Pictures excluded, please retype exactly the lines from the start of the data through the line that contains "Ride Anywhere Men’s", both ends kept, and nothing beyond them.

▶ [Source information]:

>>>

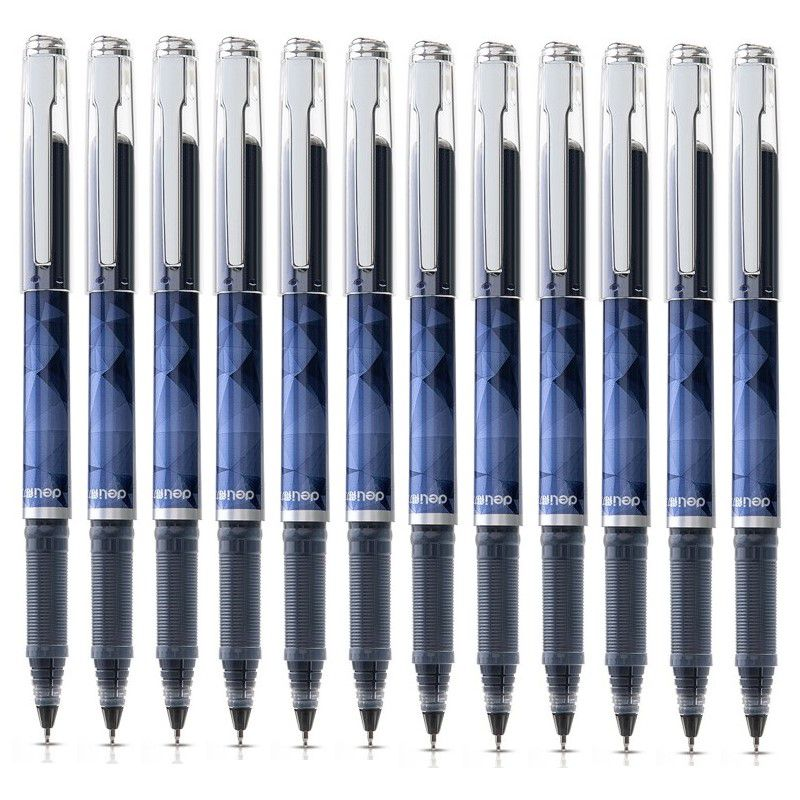 Deli Pack Of 12 Blue Gel Pens - A536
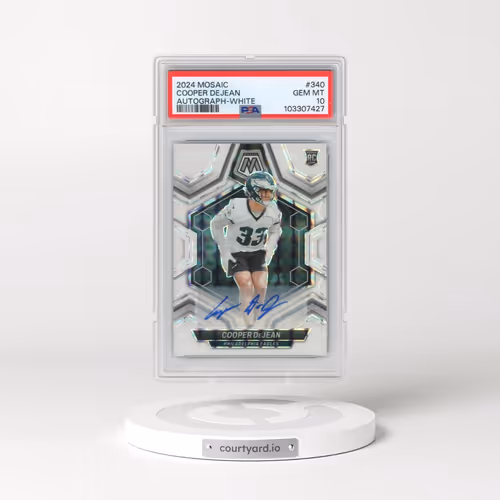 2024 Panini Mosaic #340 Cooper Dejean - Autograph-White (PSA 10 GEM MINT)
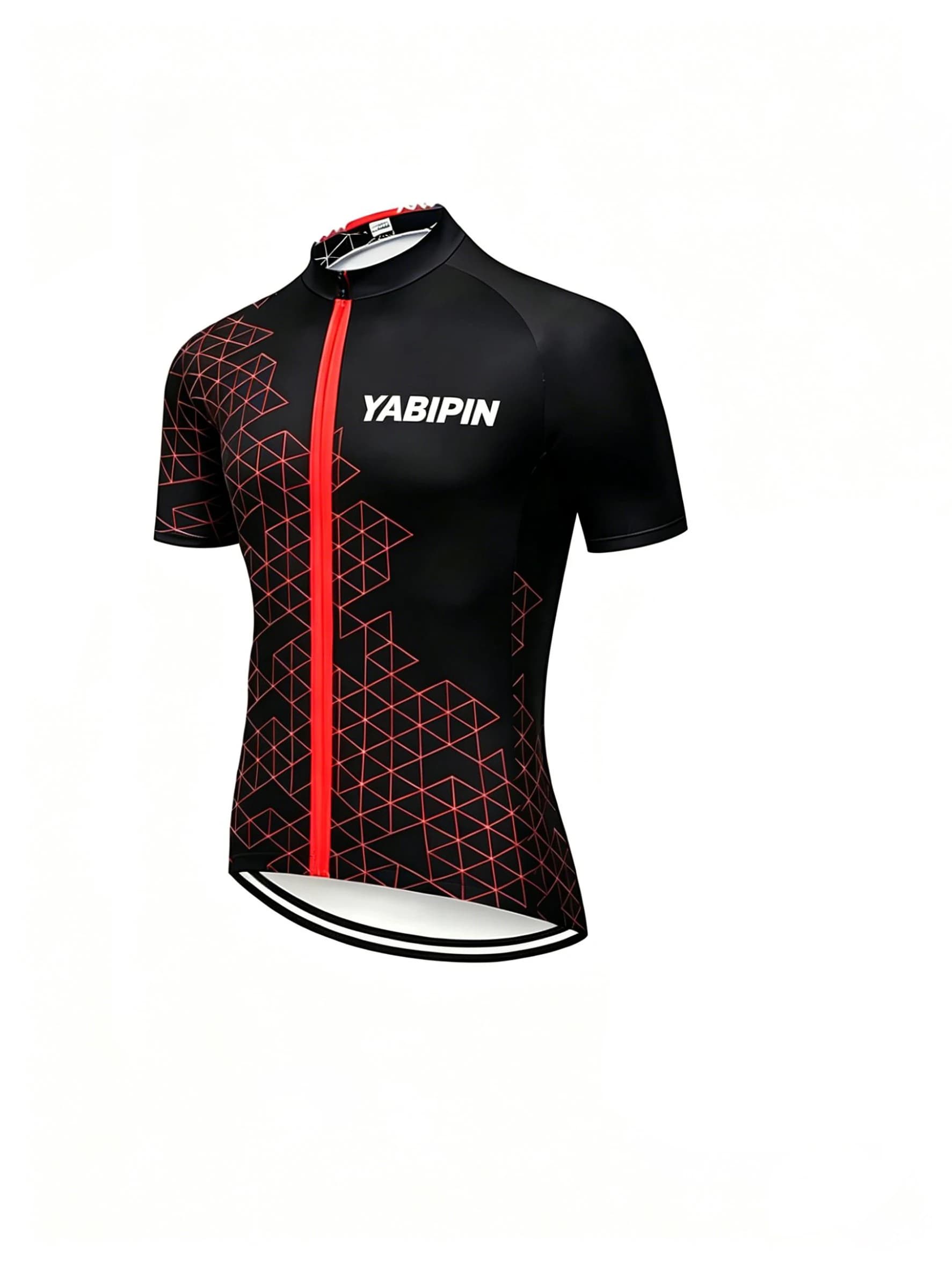 Ride Anywhere Men’s Short Sleeve Cycling Jersey, Stand Collar Crewneck Full Zip Breathable Quick Dry for MTB Road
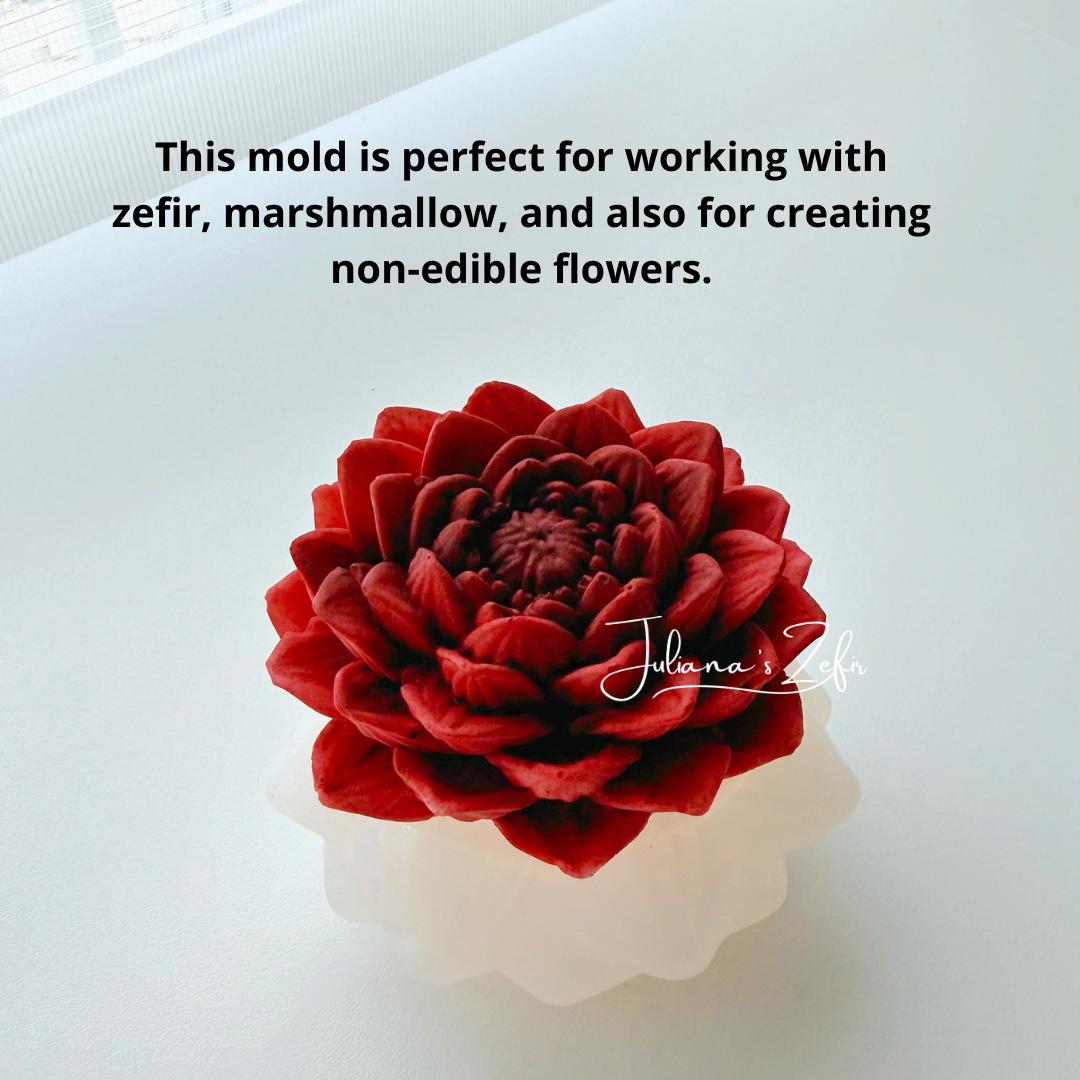Dahlia Karma Chos Silicone Mold | food grade marshmallow zefir decorating tool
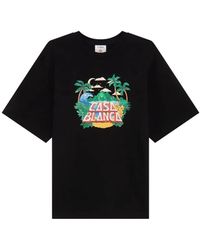 CASABLANCA - Casa Beach Wave T-Shirt - Lyst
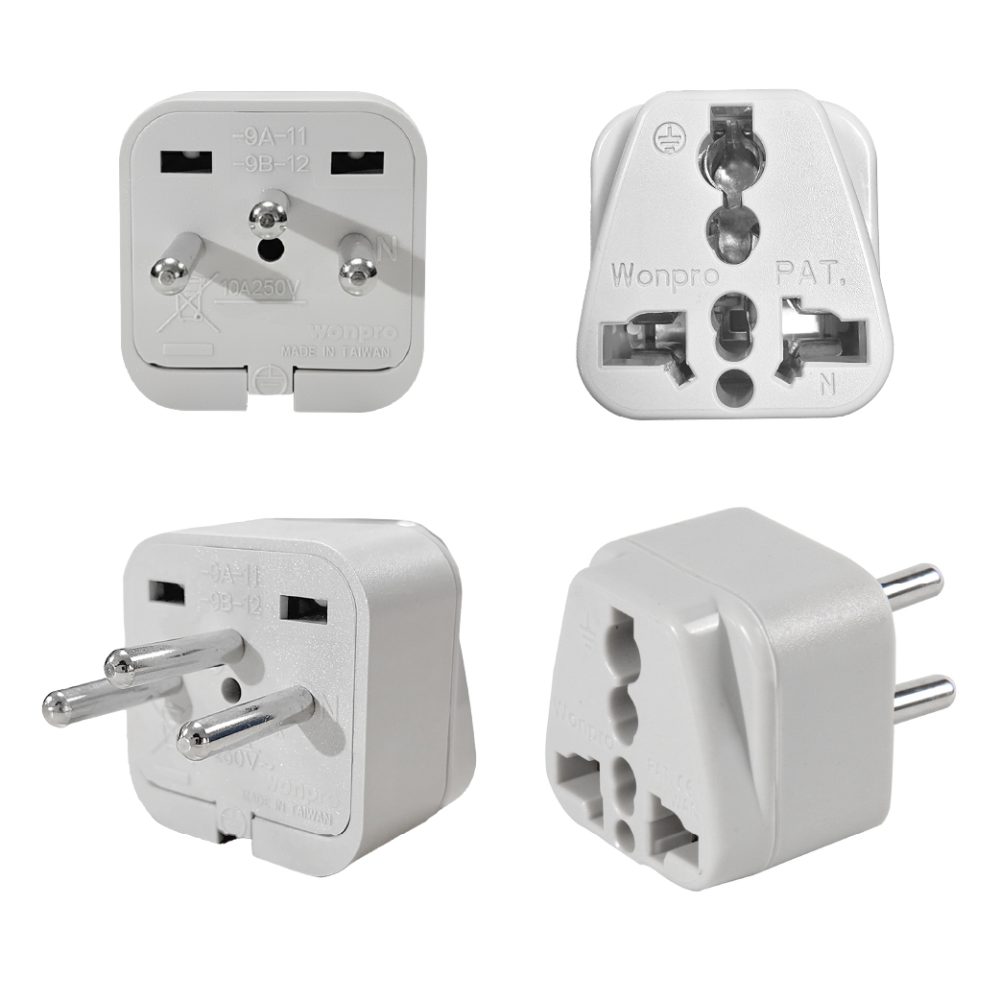 ADAPTADOR UNIVERSAL ESPIGA BRASIL 10A 250V COLOR GRIS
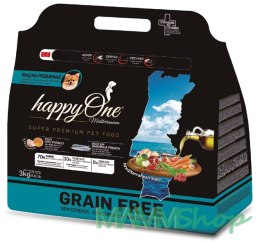 HappyOne Meditteraneum HappyOne Grain-Free Mediterraneum Small Breeds sardynka 3kg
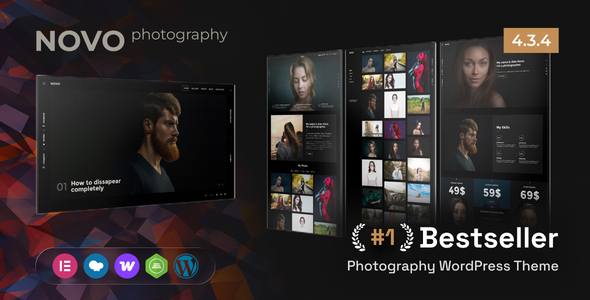 Photography theme display.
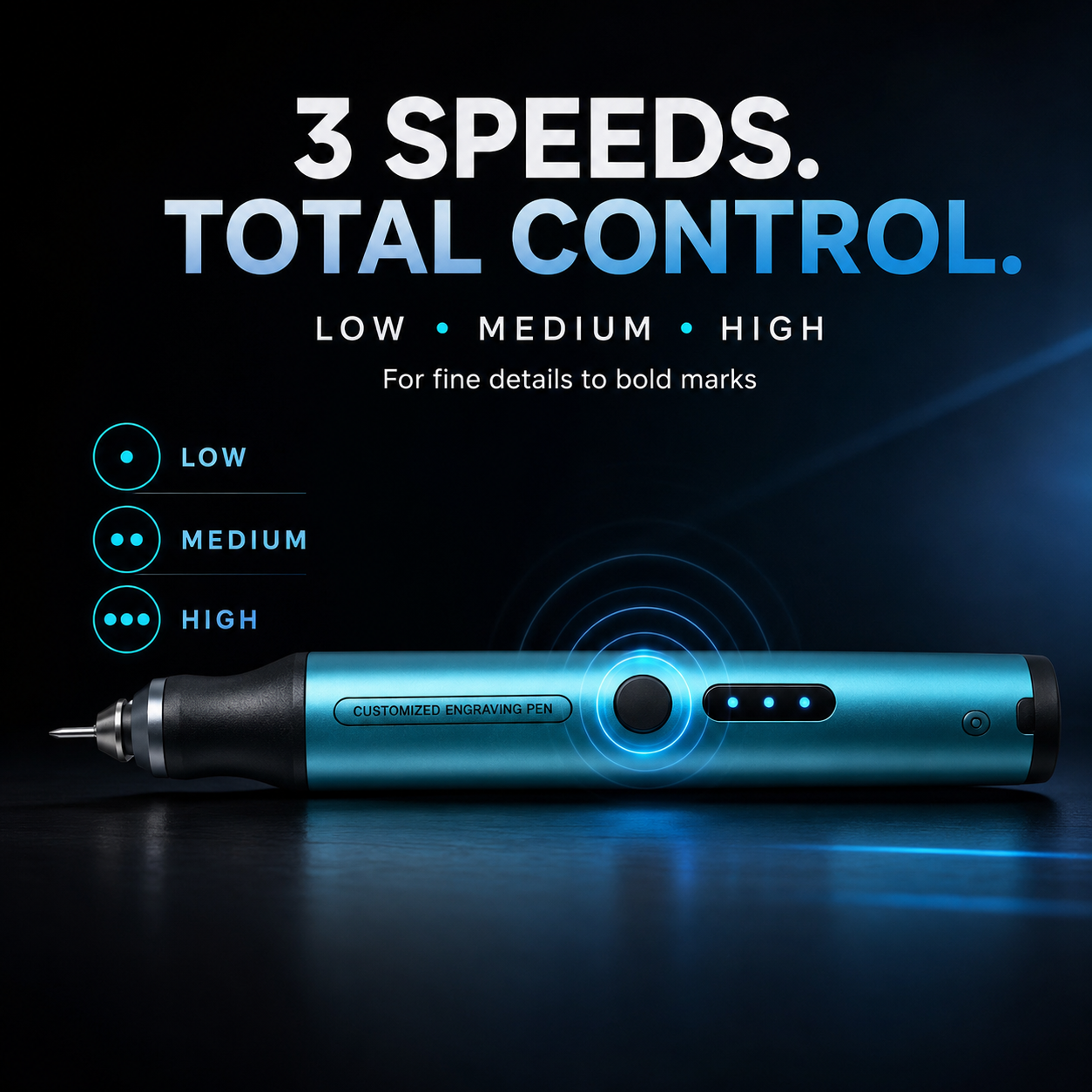 Cordless Rechargeable Engraving Pen 5-Speed Carving Kit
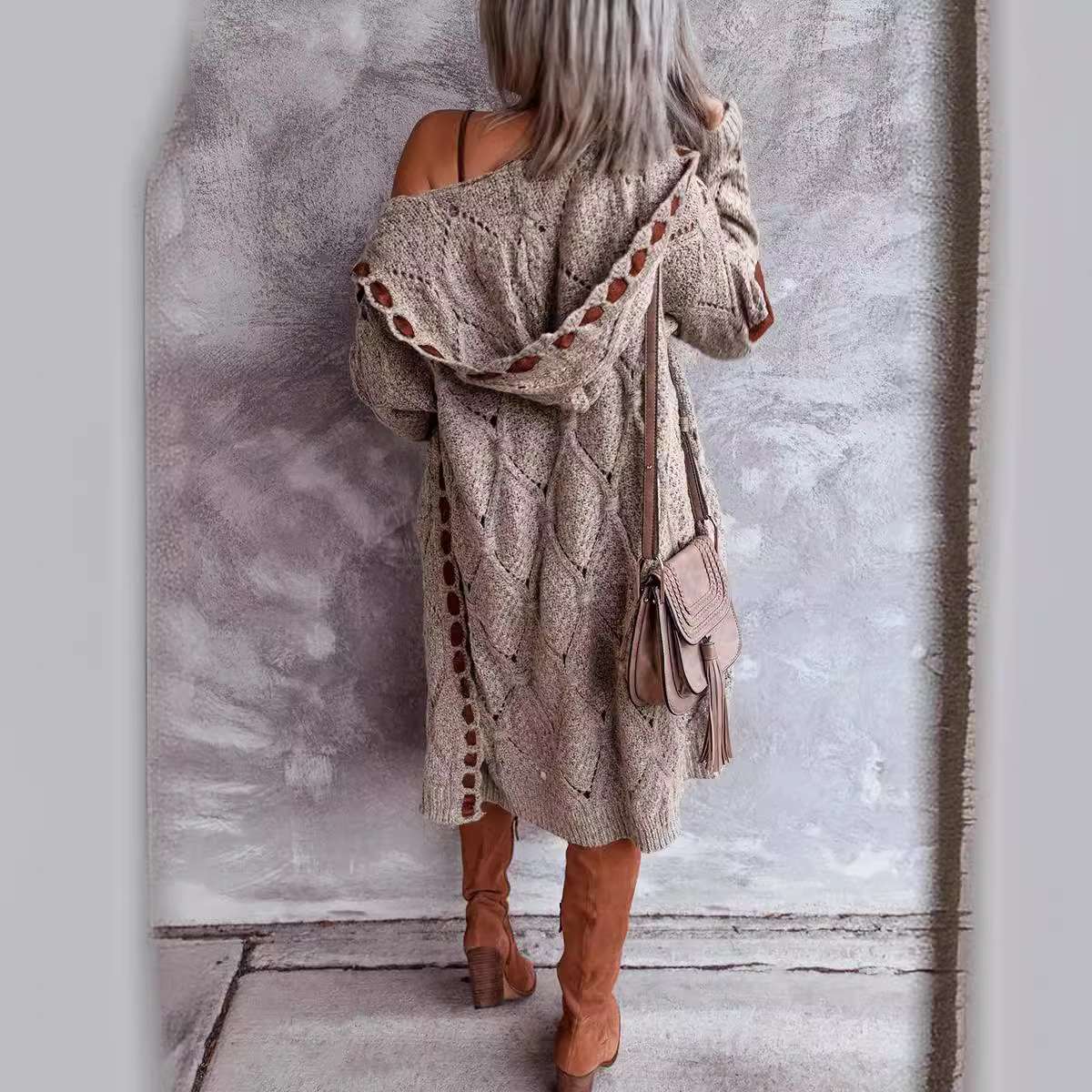 Cozy Chunky Oversized Cardigan Jacket image 4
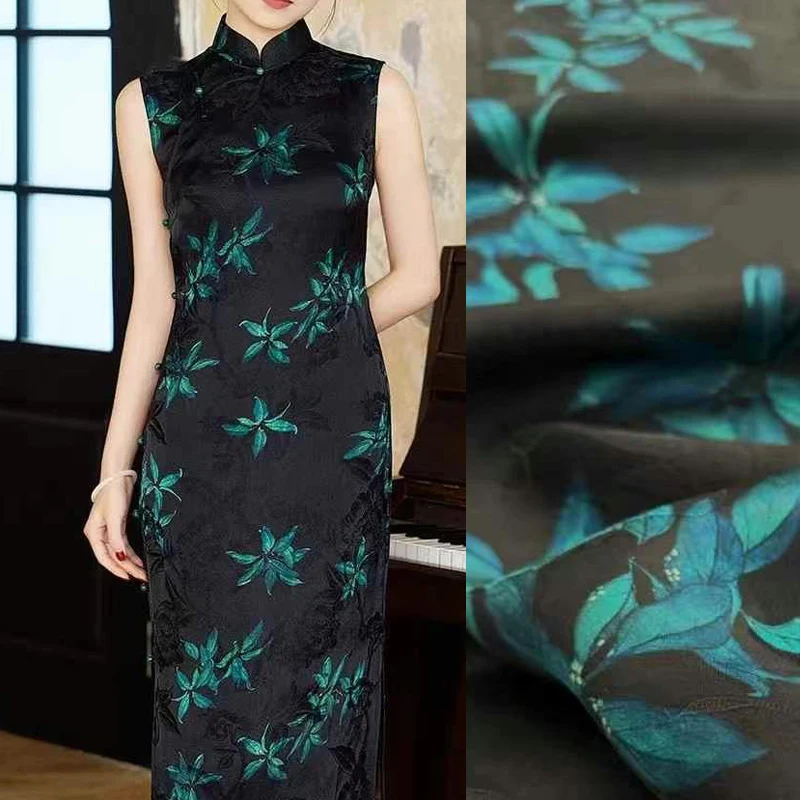 114 см, ширина 25 мм, черная шелковая ткань Hualuo с принтом синих листьев для DIY, горячий сезон, удобная пижама, платье, юбка, брюки R2144
114 см, ширина 25 мм, черная шелковая ткань Hualuo с принтом синих листьев для DIY, горячий сезон, удобная пижама, платье, юбка, брюки R2144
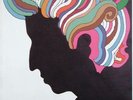 BOB DYLAN'S greatest hits LP w NM milton glaser POSTER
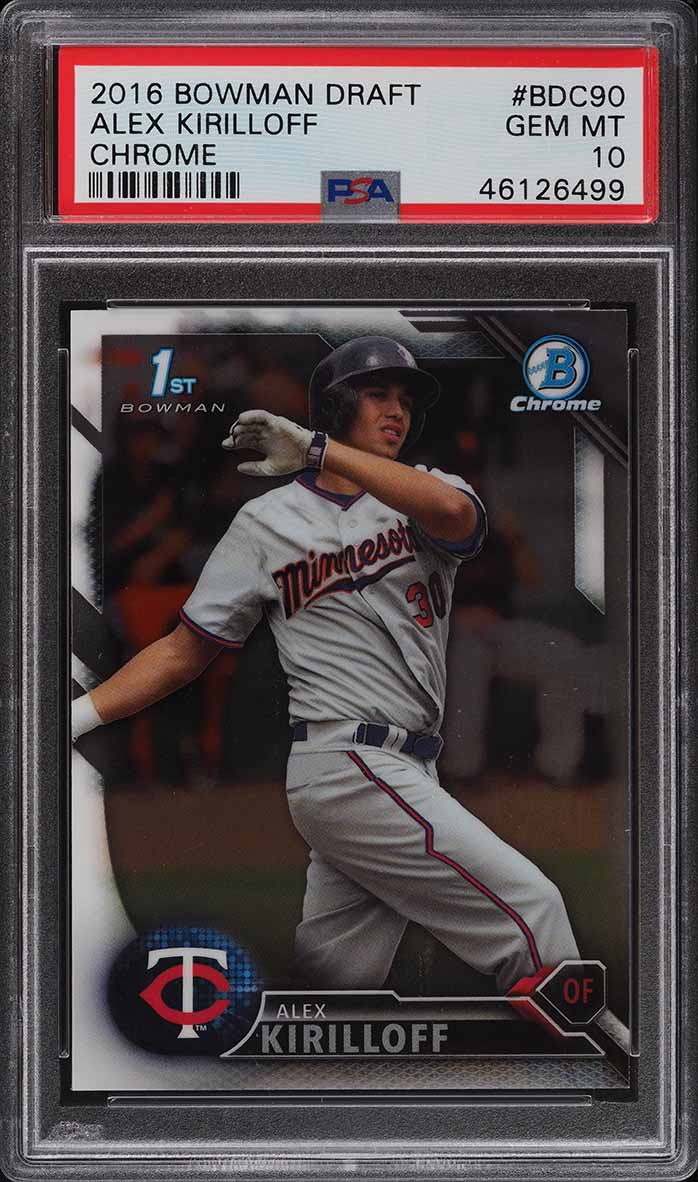 2016 Bowman Chrome Draft Alex Kirilloff PROSPECT #BDC90 PSA 10 GEM MINT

<<<

▶ [Answer to this problem]:
 Deli Pack Of 12 Blue Gel Pens - A536
 2024 Panini Mosaic #340 Cooper Dejean - Autograph-White (PSA 10 GEM MINT)
 Ride Anywhere Men’s Short Sleeve Cycling Jersey, Stand Collar Crewneck Full Zip Breathable Quick Dry for MTB Road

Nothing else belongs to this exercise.